Difatti la giurisprudenza, pur senza affrontare espressamente la questione, tende a riconoscere automaticamente l’obbligo risarcitorio entro il ‘massimale’, una volta dimostrato il verificarsi dell’evento dannoso (e in mancanza della prova liberatoria della forza maggiore o del fatto del cliente), mentre individua una responsabilità illimitata della struttura ricettiva laddove venga anche provato che il fatto avrebbe potuto essere impedito con l’ordinaria diligenza. È stato del resto osservato che “in tema di responsabilità per le cose portate in albergo, il cliente non ha l’obbligo di affidare gli oggetti di valore di sua proprietà in custodia all’albergatore, mancando una specifica previsione normativa in tal senso; tuttavia se non si avvalga di tale facoltà, corre il rischio di non poter ottenere, in caso di sottrazione, l’integrale risarcimento del danno, come disposto dall’art. 1783 c.c., a meno che non provi la colpa dell’albergatore o degli altri soggetti a lui legati da rapporto di parentela o collaborazione, ai sensi dell’art. 1785 bis c.c. In assenza di tale riscontro probatorio, la determinazione del ‘quantum’ entro il limite massimo stabilito dall’art. 1783 c.c. u.c., rientra nel potere discrezionale del giudice di merito, il quale è libero di determinare la somma da liquidare secondo il suo prudente apprezzamento” (Cass. Civ. Sez. III sent. n. 5030 del 04.03.2014 e, nello stesso senso, Cass. Civ. Sez. III sent. n. 28812 del 05.12.2008).

Prova del danno

Come si è detto, seppure non sia indispensabile dare prova della colpevolezza del personale dell’hotel circa l’avvenuta distruzione o il deterioramento o il furto dei beni appartenenti al cliente (o da lui a vario titolo detenuti), deve essere fornita adeguata dimostrazione della previa introduzione degli stessi in hotel. Una volta accertata la perdita, la quantificazione del danno potrà compiersi anche in via equitativa, laddove non sia possibile provarne l’esatto valore: in una recente pronuncia di legittimità è stato del resto rilevato che “non può legittimamente rigettarsi la domanda risarcitoria affermandosi che manchi la prova del danno se la prova mancante sia relativa non al verificarsi del danno in sé ma al preciso ammontare del danno (nel caso di specie, all’esatto contenuto delle valigie sottratte), in quanto la specifica funzione della valutazione equitativa è proprio quella di supplire alla difficoltà della parte di fornire una quantificazione precisa quando l’esistenza del danno sia certa, il danneggiato abbia fornito gli elementi ai quali ancorare la quantificazione e non sia possibile fornire la prova del suo esatto ammontare” (Cass. Civ. Sez. VI-3 ordinanza n. 23520 del 17.11.2015).

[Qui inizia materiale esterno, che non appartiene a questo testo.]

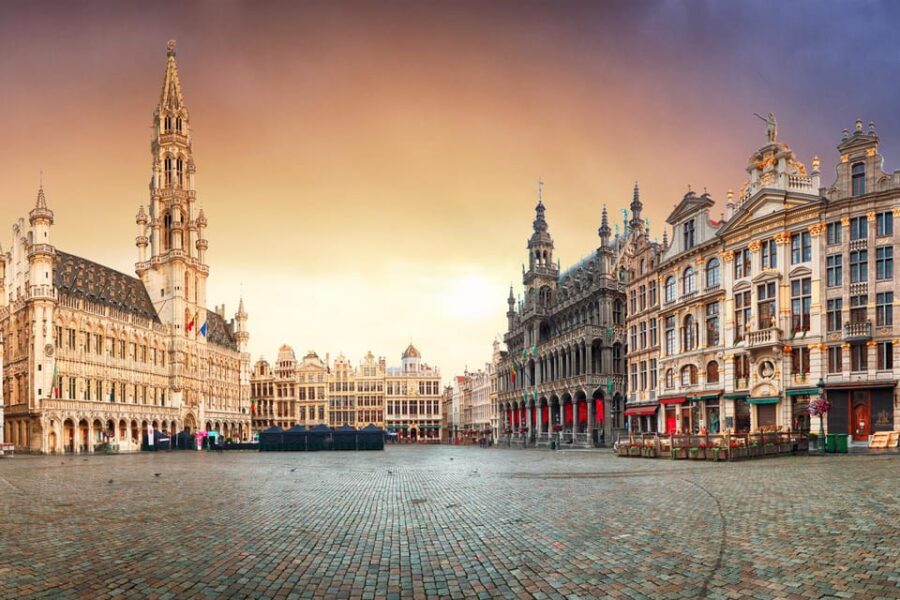 Full-Day Private Tour of Brussels From Paris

Responsabilità per furto e danneggiamento di veicoli

Da ultimo è opportuno specificare che, per espressa previsione normativa, la responsabilità gravante sul gestore dell’hotel non si estende “ai veicoli, alle cose lasciate negli stessi, né agli animali vivi” (art. 1785 quinquies c.c.), ma ciò non esclude che possa essere stipulato con l’albergatore un ulteriore contratto di parcheggio con custodia. Supponiamo che al cliente venga imposto di lasciare le chiavi dell’autovettura al personale (o all’interno del veicolo stesso): tale condotta comporterebbe il trasferimento della detenzione del bene all’albergatore e farebbe sorgere in capo a quest’ultimo l’obbligo di custodia, genericamente previsto dall’art. 1177 c.c. e specificamente confermato dall’art. 1766 c.c. per il contratto di deposito. La giurisprudenza di legittimità ha infatti chiarito che al contratto atipico di posteggio vadano applicate le norme relative al deposito, sicché il depositario assume contrattualmente nei confronti del depositante l’obbligo di rendere la cosa nello stato in cui gli è stata consegnata e il conseguente obbligo, in caso di sottrazione, di risarcire il danno, salvo che fornisca la prova “che l’inadempimento sia derivato da causa a lui non imputabile” (Cass. Civ. Sez. III sent. 28.10.2014 n. 22807).